The Boston indictment alleges that seven men, including firemen and policemen , set more than 100 fires in Boston and eastern Massachusetts.

Catherine Cronin, a spokeswoman for the National Fire Protection Association, says: ''As with any crime, when you focus the public's awareness on the problem, you'll find (it) will decrease. That's what's happening with arson.''

Ernest Garneau, executive director of Urban Educational Systems (UES) in Boston, says ''good things are happening in arson prevention, and much of it is happening in community groups.''

Neighborhood groups, concerned about property values, vandalism, and vacant buildings, give a good deal of attention to housing, Mr. Garneau explains. This concern lends itself naturally to arson prevention. Groups may take steps to identify ''problem'' buildings, such as vacant, dilapitated houses in their neighborhoods.

After identifying a potential target of vandalism or arson, he says, a group may ask the city to board up the building, take legal action to force the owner to care for the property, or initiate a long-term project of working to rehabilitate the structure.

Also, Mr. Garneau says, as a neighborhood group identifies problem buildings, it finds out ''what owner has had how many fires. This can have a chilling effect on someone thinking about arson for profit.''

Garneau says community groups using these methods in pilot programs in Boston and New York City have noted a ''significant reduction in fires.''

In Boston, particularly hard hit by arson in recent year,the UES implemented a program to work with community groups in three sections of the city. In one, Dorchester, the Codman Square Community Development Corporation held ''block meetings,'' to talk with residents about the status of buildings in the neighborhood.

In some cases, they sent letters to building owners reguiring them to disclose the identity of their insurance companies. Garneau says this was ''both the carrot and the stick,'' letting owners know that their property was being monitored and compelling them to bring it up to code, so as not to lose insurance coverage.

Garneau says that over a six-month period the three groups recorded a 37 percent decrease in the number of ''significant fires'' - those causing more than $1,000 damage, or resulting in abandonment of the structure. A similar program in Providence, R.I., accounted for a 33 percent decrease in fires citywide, he says.

Bob May, executive secretary of the International Association of Arson Investigators in Marlborough, Mass., says other moves are afoot to combat arson.

Federal agencies - notably the FBI and the Federal Bureau of Alcohol, Tobacco , and Firearms - have become more active in investigating arson cases, Mr. May says. The US Fire Administration offers courses to firefighters in arson investigation techniques.

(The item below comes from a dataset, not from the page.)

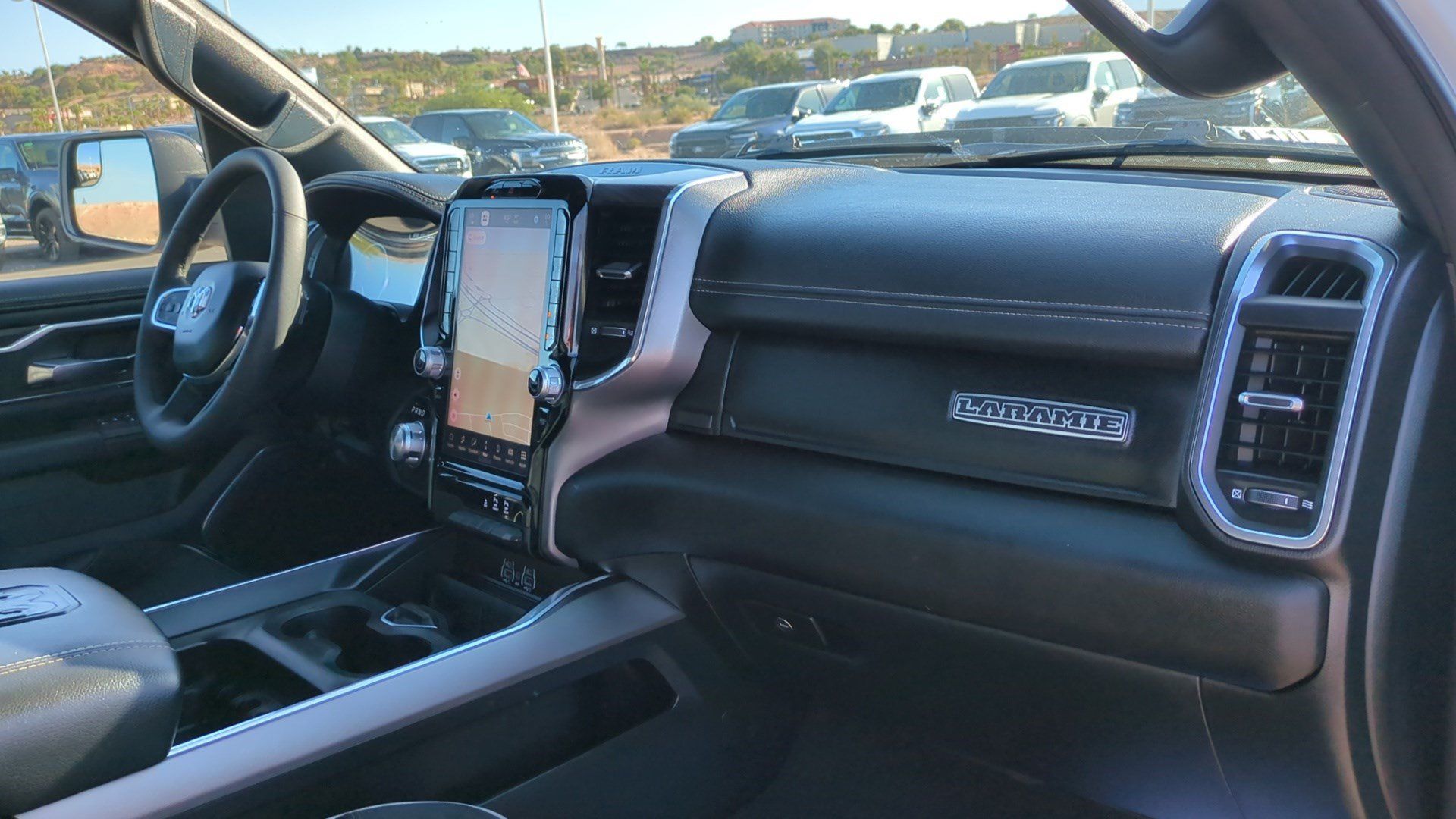 Used 2025 RAM 1500 Laramie w/ Sport Appearance Package AWD/4WD image 32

Also, May notes, federal, state, and local investigations of suspicious fires are better coordinated. Combined with public alertness and cooperation, this has brought ''vast improvement'' to preventing or identifying suspicious fires, says May.

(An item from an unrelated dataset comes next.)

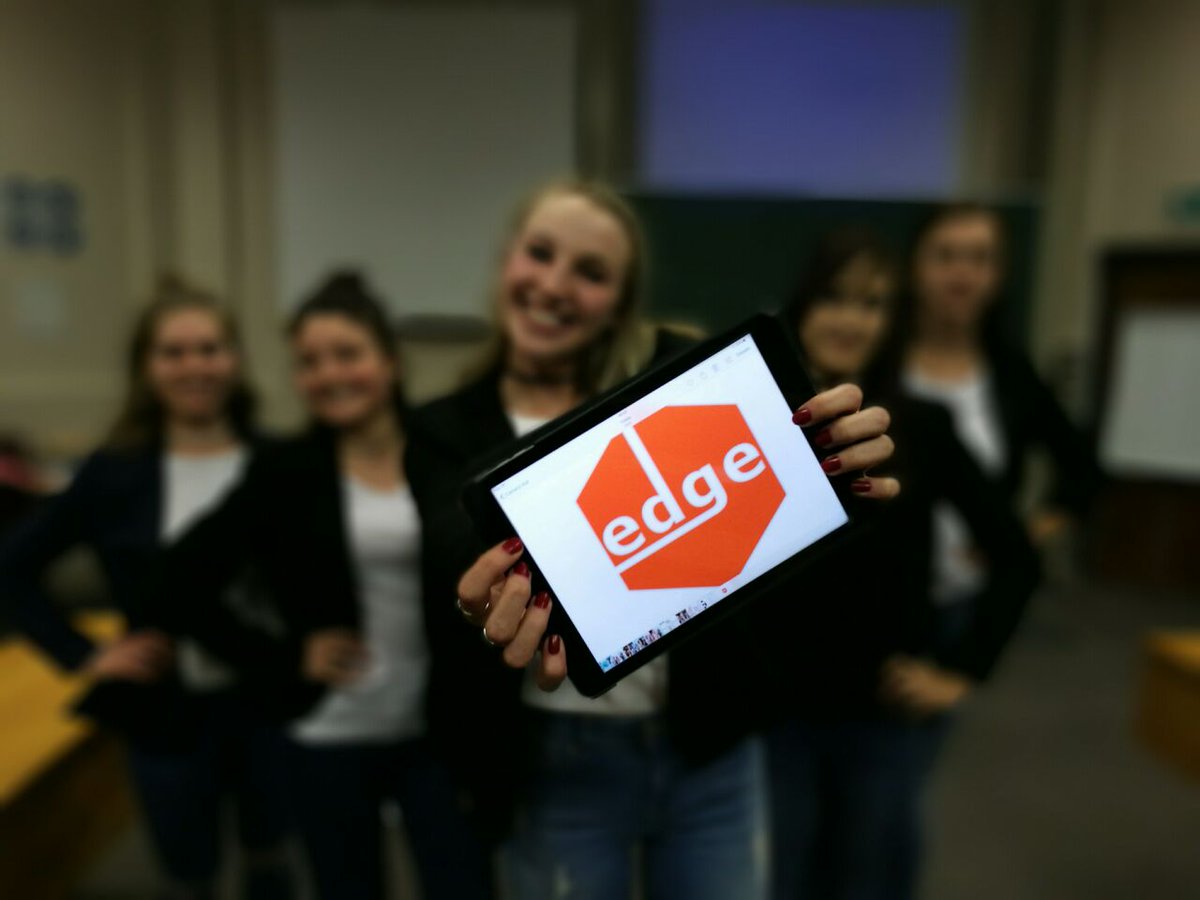 1995Heidi's tweet photo. Not just any tablet - Innovation at your fingertips. #simbound #up4marketing #practicemakesperfect #edge #techsav https://t.co/xYgl11FE7G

United States Attorney William Weld called the recent Boston indictment ''the largest single arson case in history - state or federal - in terms of the number of fires involved.''

Seven men are charged with setting 163 fires in eastern Massachusetts between 1981 and 1983. Several of those charged were firefighters or worked in other public-safety jobs.

Charged with involvement in the alleged conspiracy are Gregg M. Bemis, an auxiliary firefighter in a Boston suburb; Wayne S. Sanden, a sergeant on the Boston Public Housing Authority police force; Ray J. Norton, Jr. a Boston firefighter; and Leonard A. Kendall, Jr., now a firefighter in the US Air Force. The indictment also names Donald F. Stackpole, Joseph M. Gorman, and Christopher R. Damon as conspirators.

The indictment charges that ''all shared a common interest in fires and firefighting....'' Several sought to become full-time paid firefighters or police officers.

Massachusetts voters had recently passed a tax-cutting measure, and some cities had been compelled to lay off firemen and police officers. The indictment alleges that the men who wanted public-safety jobs saw their chances diminishing and ''became bitterly opposed to the tax-cutting measure.''

''They conceived a plan to deliberately set a series of nighttime fires in the city of Boston that would overtax the city's ability to safely respond and thereby dramatize the need to hire more police and firefighters,'' the indictment states.

The 163 fires ''caused over 280 injuries, caused the evacuation of numerous homes, (and) destroyed property valued in excess of $22 million,'' according to the indictment.

All seven men pleaded not guilty in arraignment. Three are being held without bail.